Добавить в цитаты Настройки чтения

Страница 107 из 108

   — Чего ради она наладилась ко мне? Не иначе как что-то затеяла!

Лицо Натальи выразило сильное беспокойство. Немного помолчав, она продолжала:

   — Ужели я вынесла в своей жизни столько горя, чтобы поступиться перед этой голицынской полюбовницей!

   — Да уж вынесла ты, царица, немало...

   — Ах, не поминай, Аксинья! Как подумаю о братьях своих и муках, какие они приняли, о бедном Артамоне Сергеиче, пострадавшем за нас, Нарышкиных... А всё Софья. Кто стрельцов подговаривал, ежели не она?

Боярыня молчала, потому что в те мятежные времена о Софье никто дурного слова не сказал, да царица-матушка ныне мнительной стала.

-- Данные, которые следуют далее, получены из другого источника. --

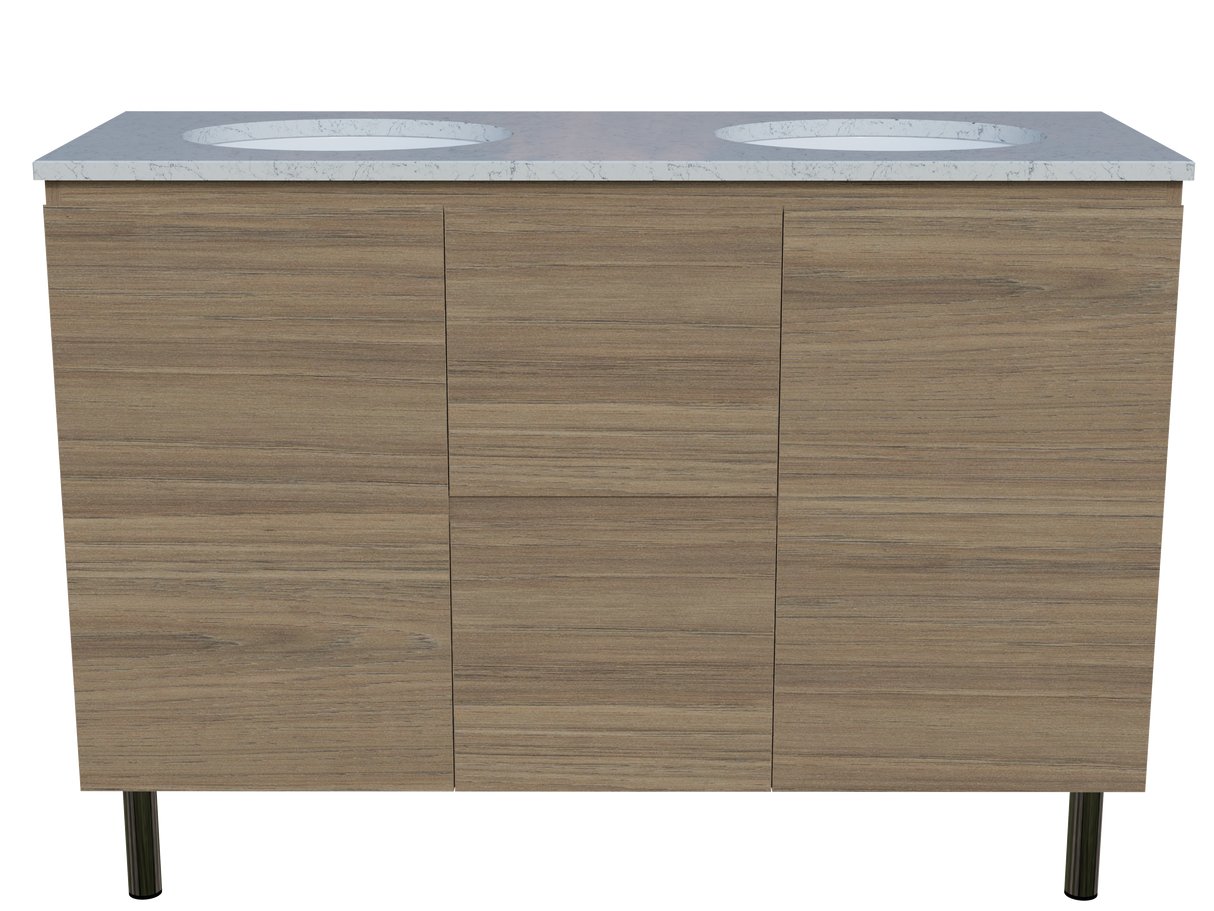 Nevada Vanity 1200mm Double White Gloss Under Counter Basins SilkSurface Top On Legs (NEV-V-1200-D-SSU-L)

А Наталья продолжала выплёскивать обиды и страхи, которые она некогда гордо таила в себе. Да и время тревожное, наверное. Пётр, хоть и царь, да всё же двоевластие, и случись беда, пожелай Софья возмутить стрельцов, царь Иван сестру свою не обидит. Ей всё сойдёт с рук.

   — Ты, матушка, не терзай свою душу. Может, Софья уже и утихомирилась. Чай, в монастыре живёт.

   — Да что из того! Вот кабы она была пострижена, да царь Иван за неё стоит. Мне принесли вести, что стрельцы мечтают видеть Софью в державстве.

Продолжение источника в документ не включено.